En esos siete años, había tenido tiempo de aprender euskera a nivel de conversación. Su hija, al igual que su madre, era trilingüe de francés, euskera y español y ese año había empezado a asistir a una academia de inglés. De nuevo, intentaba saber si se preocupaban por ella; en ese caso, si su abuela aún lo hacía. Kagome lo había captado tan rápido como él. Las estrechó a ambas entre sus brazos, satisfecho de cómo se había transformado su vida desde que Kagome llegó.
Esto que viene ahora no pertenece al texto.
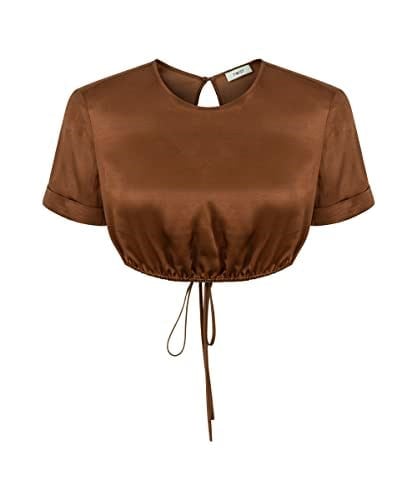 Twist SIRT DEKOLTELİ CROP BLUZ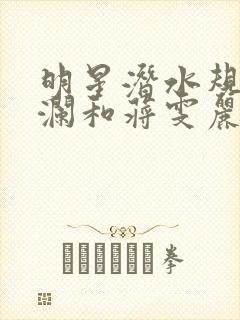 明星潜水规则杨澜和蒋雯丽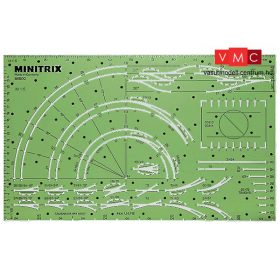   Trix 66600 Pályatervező sablon Minitrix N sínrendszerhez (N)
Cualquier obstáculo que apareciera en el futuro lo enfrentarían juntos y lo superarían.
— Bien, ¿queréis escuchar el cuento?
— ¡Sí!
Moroha brincó sobre él y se removió para sentarse de cara a él mientras lo contaba. Kagome, en cambio, apoyó la cabeza sobre su hombro, le dio un beso en el mentón y descansó apoyada en él con una plácida sonrisa. La rodeó de tal forma que su mano quedó firmemente apostada sobre su vientre y se estremeció orgulloso de sentir las patadas de su hijo como respuesta a su contacto. Sobraba decir que aquel cuento, además de ser el favorito de su hija, estaba completamente dedicado a su esposa para que jamás olvidara lo enamorado que estaba de ella, y a él mismo para que nunca volviera a poner en duda que era digno de ser amado.
Empezó, tal y como correspondía, en el año 1720, cuando una malvada bruja maldijo a un príncipe egoísta y caprichoso. Para cuando estaba narrando la primera aparición de Kagome en el palacio, los otros niños de la casa, sus padres y demás amigos, se habían sentado alrededor de la butaca formando un corro para volver a oír la historia favorita de todos los habitantes de la casa. Miró a su familia, a toda su familia, con orgullo y corazón, y continuó con una historia que solo acababa de empezar.